▸ Task details
Starting with the line that contains "Testreszabható hűtőmágnes ablakos", repeat each line exactly through the final line of the listing. No picture should appear in the copy.

◆ ◆ ◆

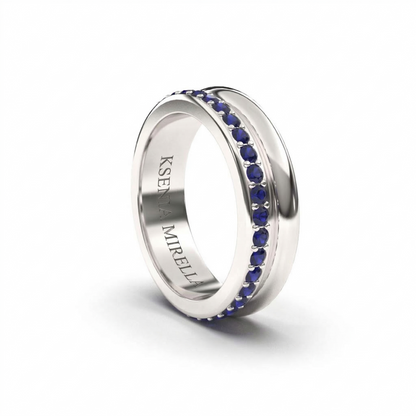 white gold blue sapphire full eternity band, wedding band style ring 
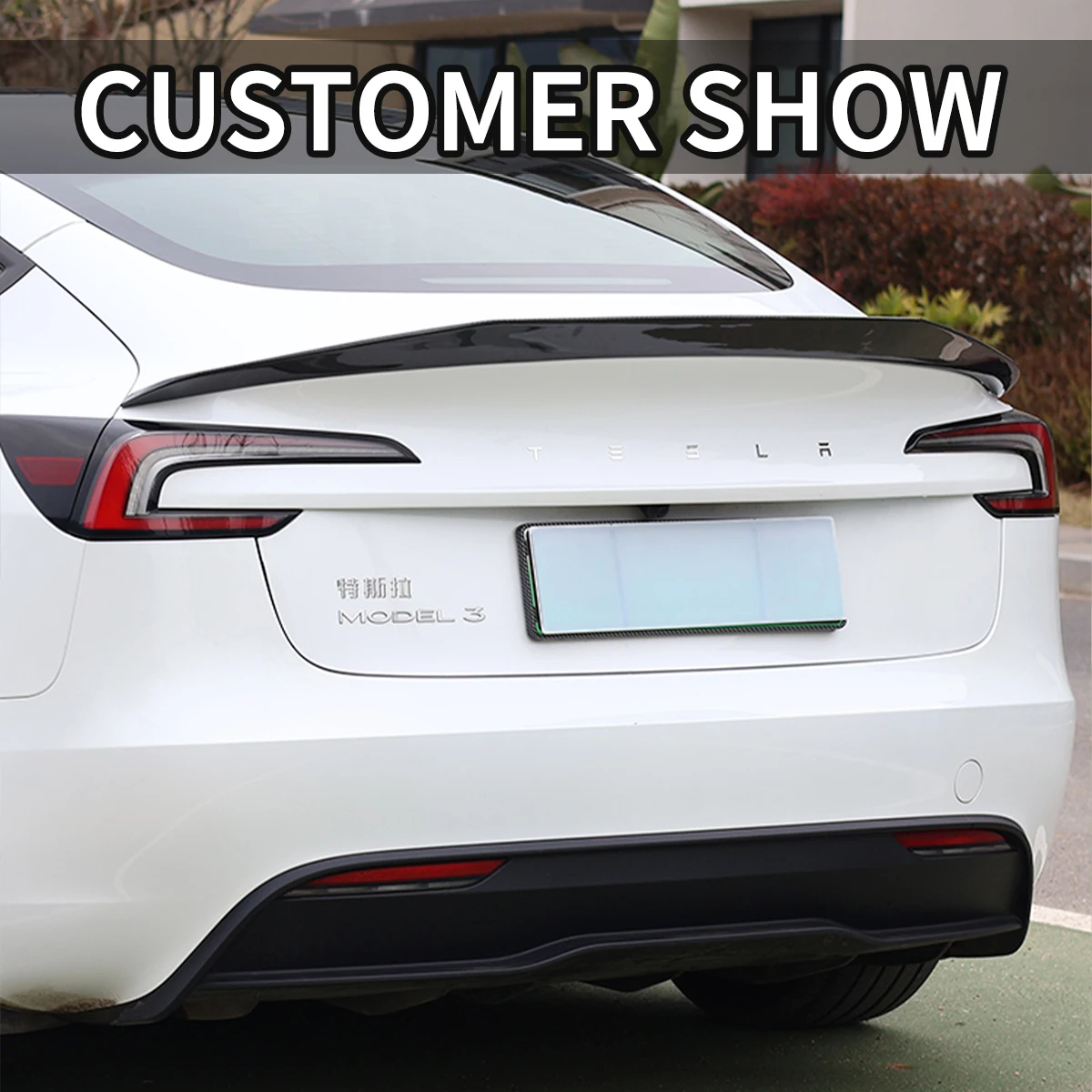 For Tesla Model 3 Highland V Style Carbon Fiber Rear Trunk Spoiler Wing Tail Lip Trim Custom Fit Body Kit Exterior Accessories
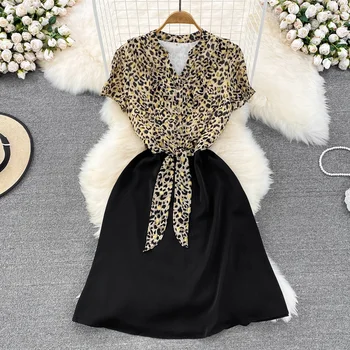 2022 m. Vasarą korėjos Elegantiškas Netikrą Dviejų dalių Suknelė Moterų V-kaklo trumpomis Rankovėmis Leopard Print Suknelė Ponios Juosmens, Plonas Trumpą Suknelę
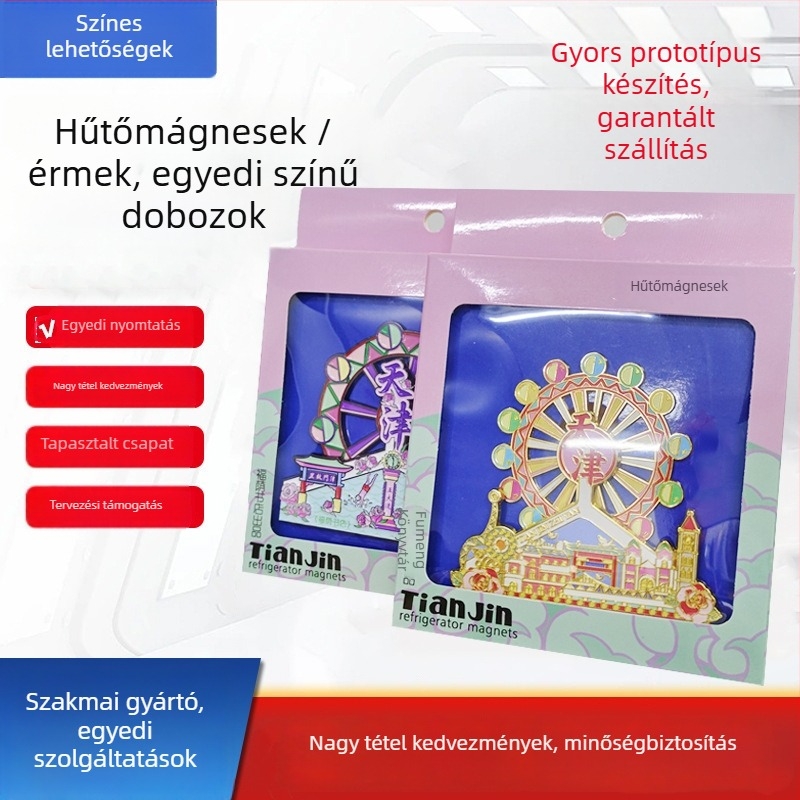 Testreszabható hűtőmágnes ablakos csomagoló doboz kampóval – PVC ablak, 350 g papír, logónyomtatás (offset, szitanyomás, relief, UV)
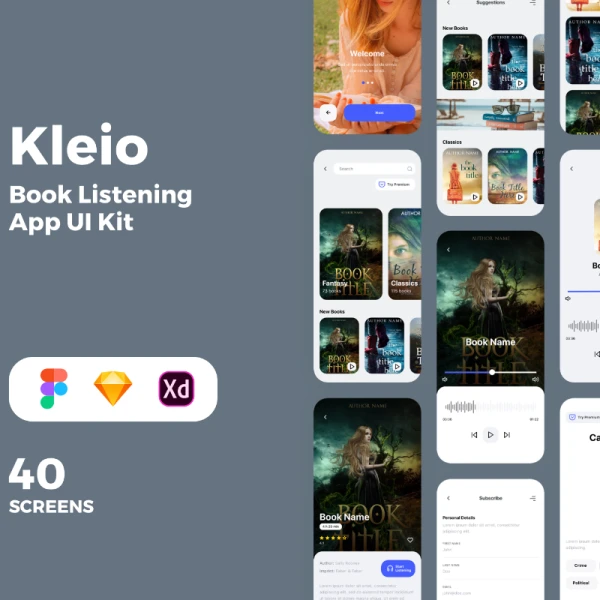 Kleio Book Listening App UI Kit 阅读听书应用程序UI套件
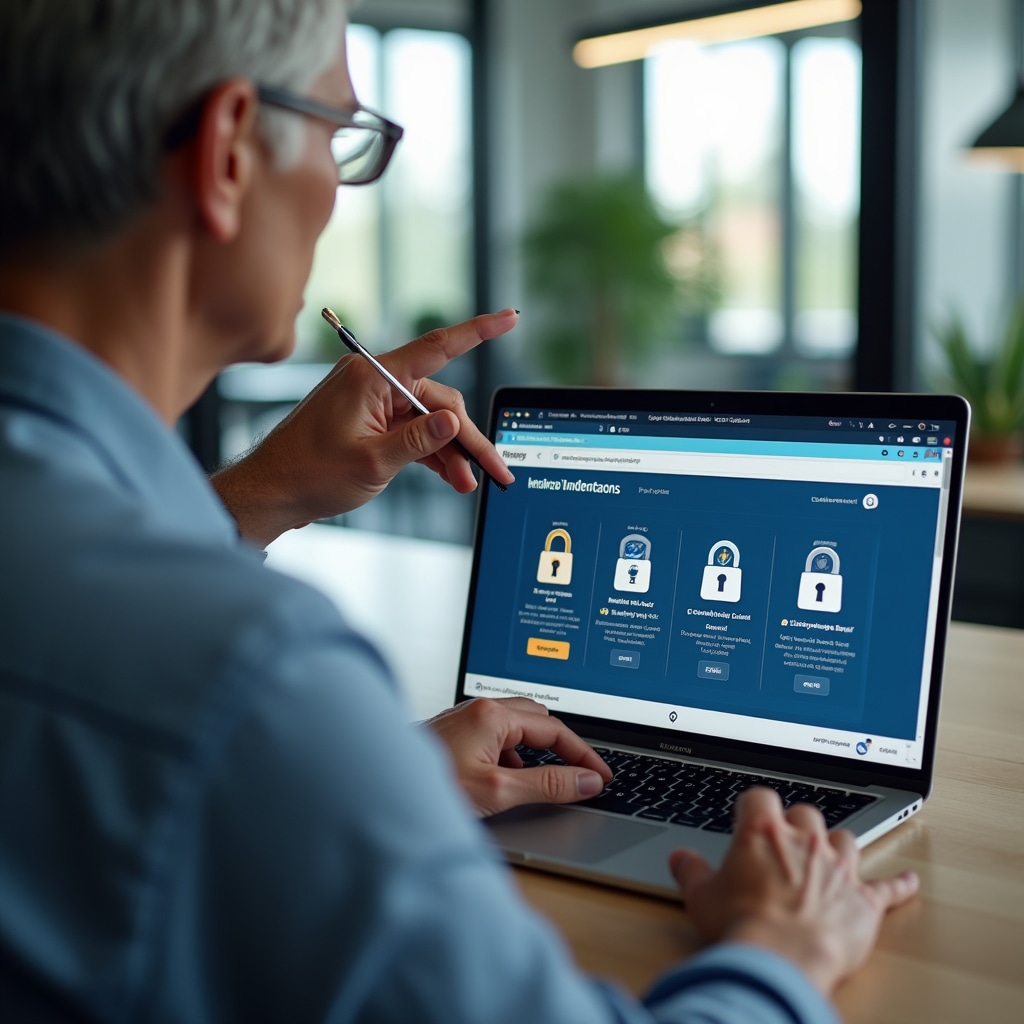 Trainer demonstrating secure browsing practices to senior learner on laptop computer with clear visual indicators on screen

◆ ◆ ◆

▸ Task output
 Testreszabható hűtőmágnes ablakos csomagoló doboz kampóval – PVC ablak, 350 g papír, logónyomtatás (offset, szitanyomás, relief, UV)
 Kleio Book Listening App UI Kit 阅读听书应用程序UI套件
 Trainer demonstrating secure browsing practices to senior learner on laptop computer with clear visual indicators on screen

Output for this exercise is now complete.